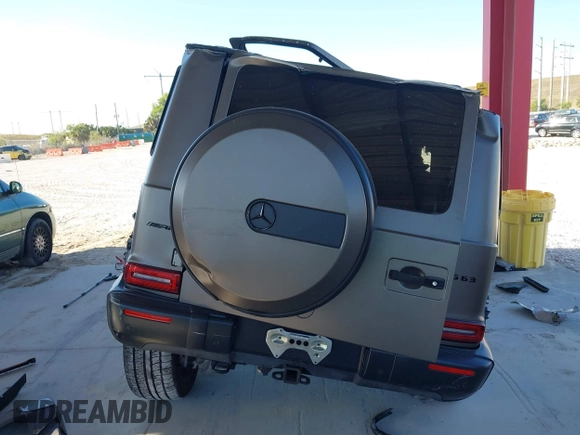 2021 Mercedes-Benz G 63 AMG z VIN W1NYC7HJ4MX392812, wystawiony jako IAAI lot #42027873 z przebiegiem Nie podano mil oraz . Historia ofert i sprzedaży dostępna na DreamBid. Obrazek 17.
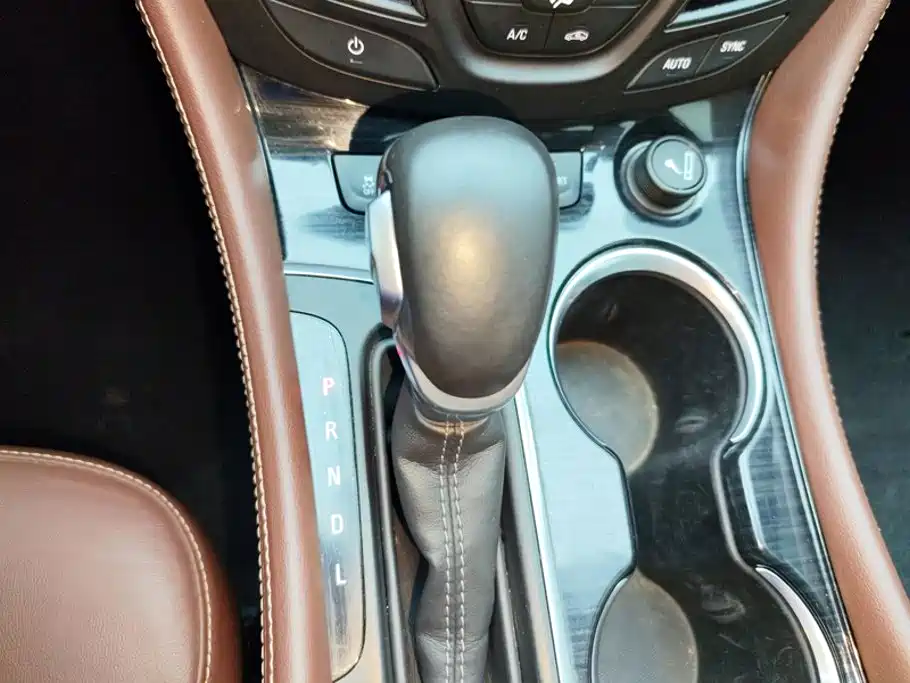 Buick Envision Plus — миниатюра 16
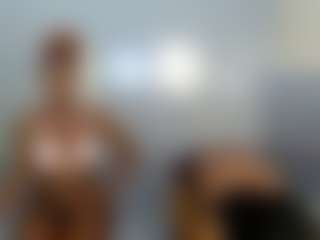 Live cam show with LunaDarlin - Strip on luckytryst.com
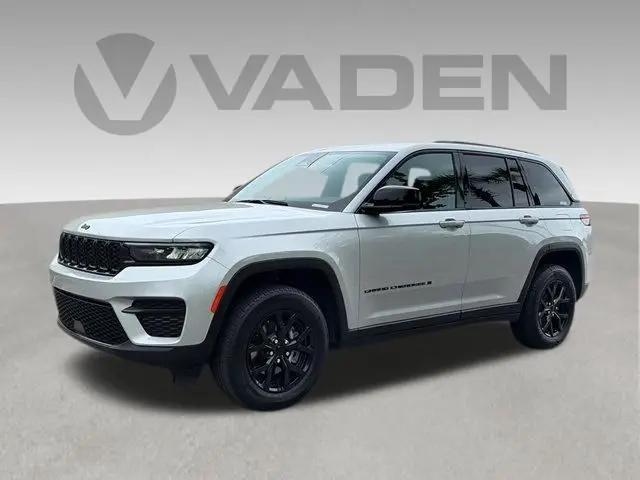 2024 Jeep Grand Cherokee Altitude 4x4 for sale in Hinesville, GA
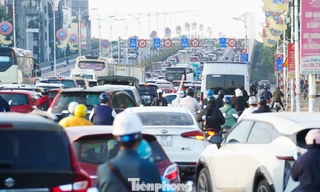 Hà Nội: Cửa ngõ phía Đông kẹt cứng, dòng xe nối dài lên cầu Vĩnh Tuy
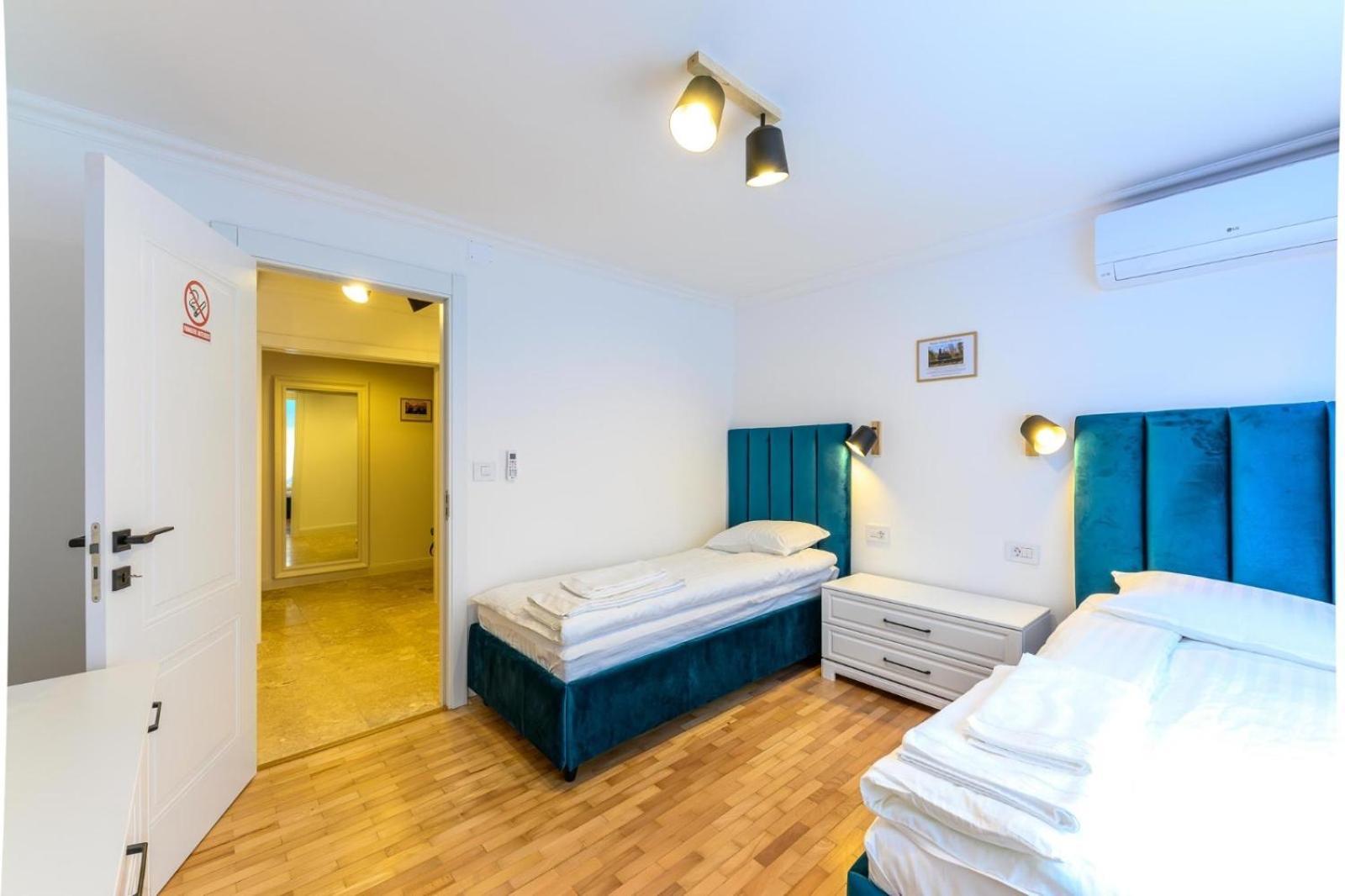Five Stars Apartment Τιμισοάρα Εξωτερικό φωτογραφία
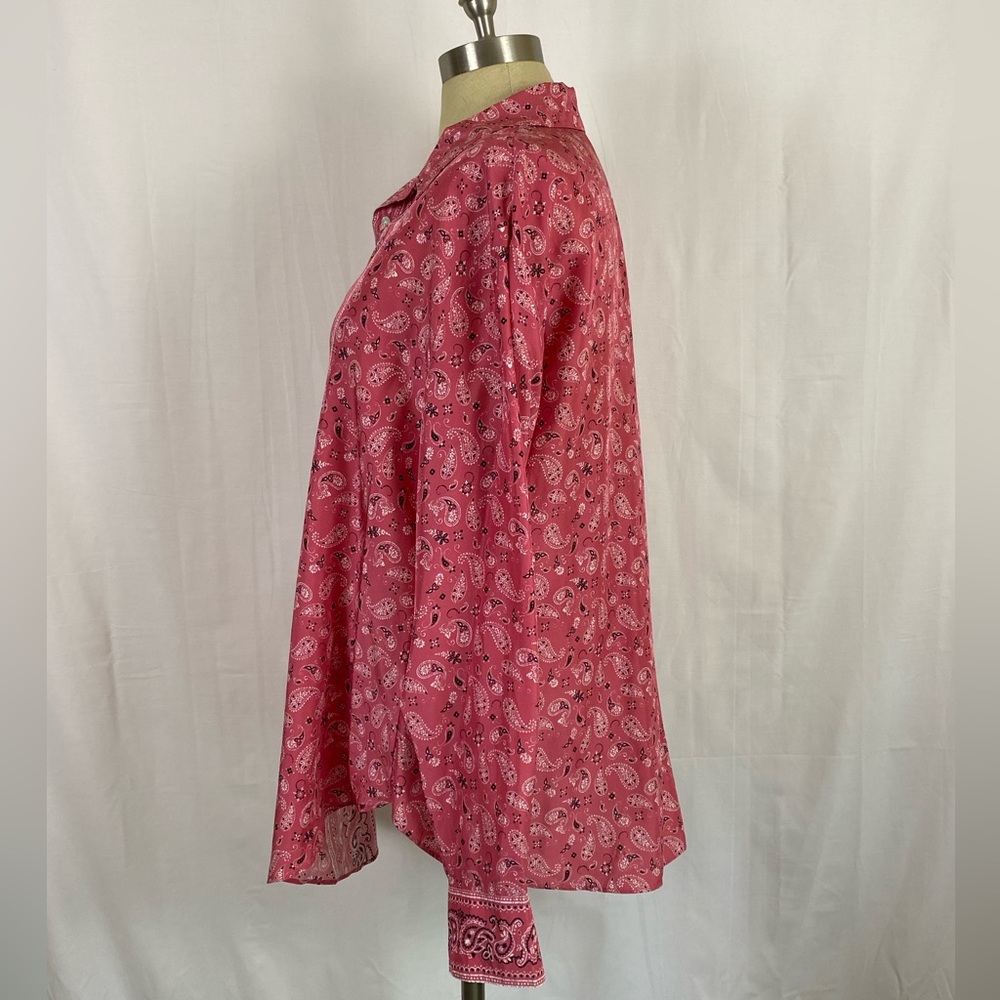 Go by GoSilk Pink Paisley Button-Up Blouse - Picture 7 of 9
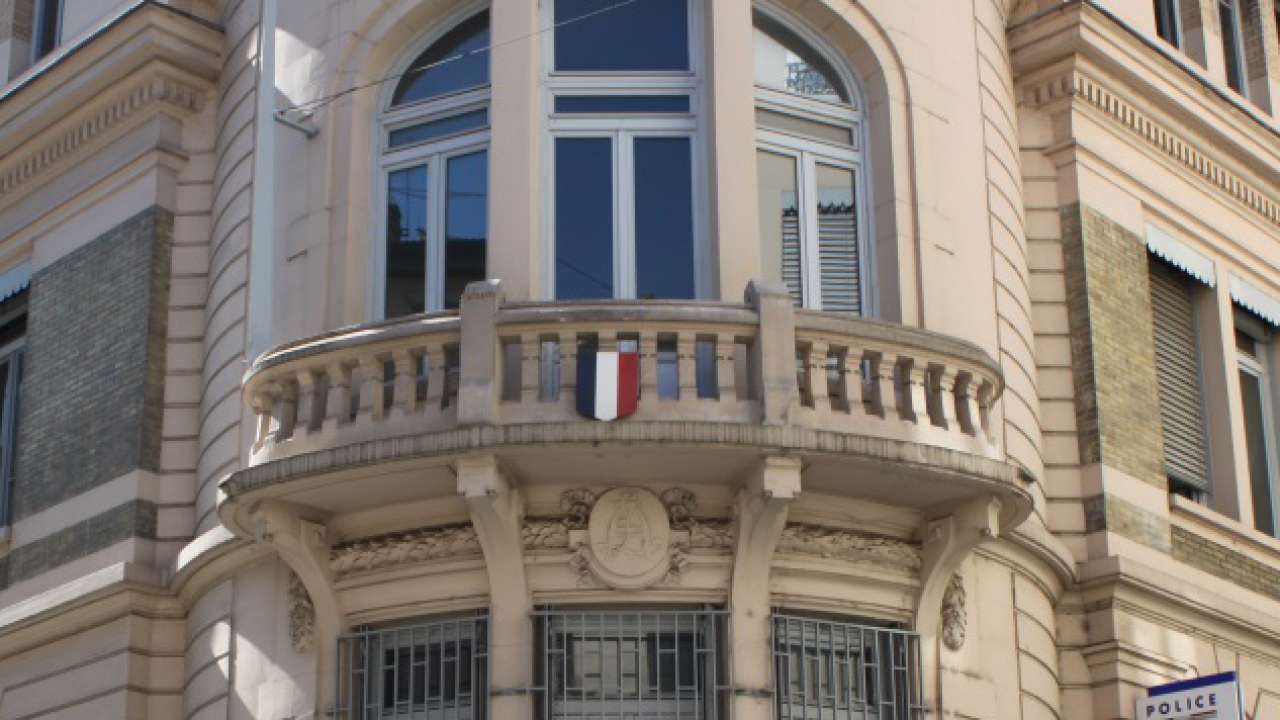 Vaulx-en-Velin : un jeune de 17 ans agresse les policiers et les menace de mort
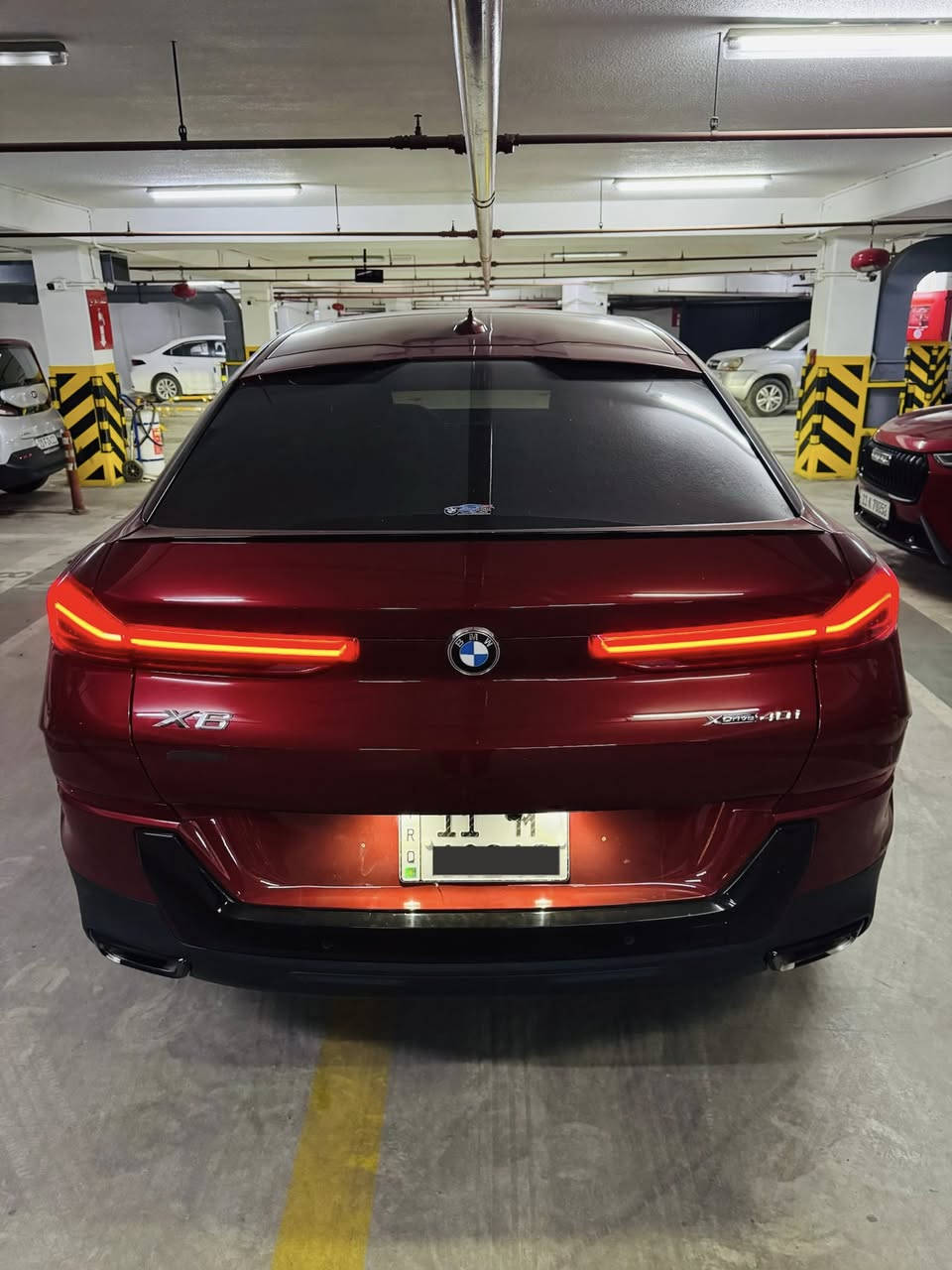 🚘 للبيع
BMW X6 40 i ( 2023 )

▪️ وارد أمريكي – قطعة واحدة صبغ
▪️ رقم بغداد
▪️ الممشى: 46 ألف ميل
▪️ المحرك: 6 سلندر تيربو
▪️ السعة: 3000 CC
▪️ السيارة مغلفة بالكامل PPF

✨ المواصفات:
✔️ سقف بانوراما
✔️ مقاعد جلد كهرباء مع ميموري
✔️ تدفئة كراسي + حافظات أكواب
✔️ داتا شو
✔️ بصمة تشغيل وبصمة جميع الأبواب
✔️ كاميرات 360 درجة
✔️ جنطة خلفية كهربائية
✔️ لايتات LED أمامية وخلفية
✔️ نظام قيادة ذكي ومساعدات أمان متقدمة
✔️ تحكم مقود متعدد الوظائف
✔️ نظام صوت فاخر
✔️ مرايا كهربائية قابلة للطي
✔️ مكيف أوتوماتيك متعدد المناطق

🔹 السيارة نظيفة وجاهزة للاستخدام

📞 للتواصل ***********
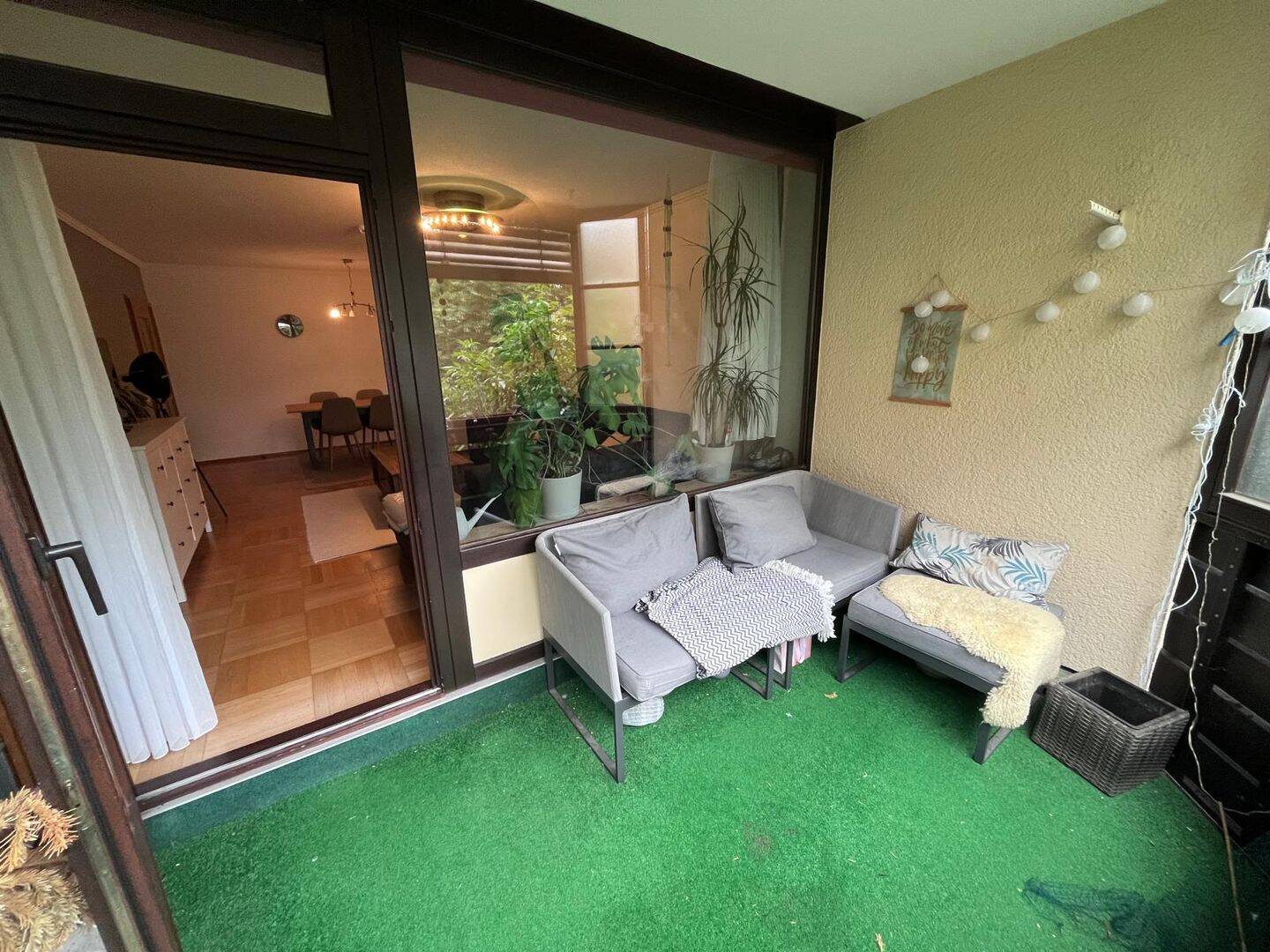 Wunderschöne 3-Zi Wohnung mit Loggia, EBK, TG-Stellplatz in begehrter Lage Nürnbergs, 90461 Nürnberg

[Your objective]: Give back each entry exactly as it appears. Leave pictures out.

[Answer to the exercise]:
 2021 Mercedes-Benz G 63 AMG z VIN W1NYC7HJ4MX392812, wystawiony jako IAAI lot #42027873 z przebiegiem Nie podano mil oraz . Historia ofert i sprzedaży dostępna na DreamBid. Obrazek 17.
 Buick Envision Plus — миниатюра 16
 Live cam show with LunaDarlin - Strip on luckytryst.com
 2024 Jeep Grand Cherokee Altitude 4x4 for sale in Hinesville, GA
 Hà Nội: Cửa ngõ phía Đông kẹt cứng, dòng xe nối dài lên cầu Vĩnh Tuy
Five Stars Apartment Τιμισοάρα Εξωτερικό φωτογραφία
 Go by GoSilk Pink Paisley Button-Up Blouse - Picture 7 of 9
 Vaulx-en-Velin : un jeune de 17 ans agresse les policiers et les menace de mort
 🚘 للبيع
BMW X6 40 i ( 2023 )

▪️ وارد أمريكي – قطعة واحدة صبغ
▪️ رقم بغداد
▪️ الممشى: 46 ألف ميل
▪️ المحرك: 6 سلندر تيربو
▪️ السعة: 3000 CC
▪️ السيارة مغلفة بالكامل PPF

✨ المواصفات:
✔️ سقف بانوراما
✔️ مقاعد جلد كهرباء مع ميموري
✔️ تدفئة كراسي + حافظات أكواب
✔️ داتا شو
✔️ بصمة تشغيل وبصمة جميع الأبواب
✔️ كاميرات 360 درجة
✔️ جنطة خلفية كهربائية
✔️ لايتات LED أمامية وخلفية
✔️ نظام قيادة ذكي ومساعدات أمان متقدمة
✔️ تحكم مقود متعدد الوظائف
✔️ نظام صوت فاخر
✔️ مرايا كهربائية قابلة للطي
✔️ مكيف أوتوماتيك متعدد المناطق

🔹 السيارة نظيفة وجاهزة للاستخدام

📞 للتواصل ***********
 Wunderschöne 3-Zi Wohnung mit Loggia, EBK, TG-Stellplatz in begehrter Lage Nürnbergs, 90461 Nürnberg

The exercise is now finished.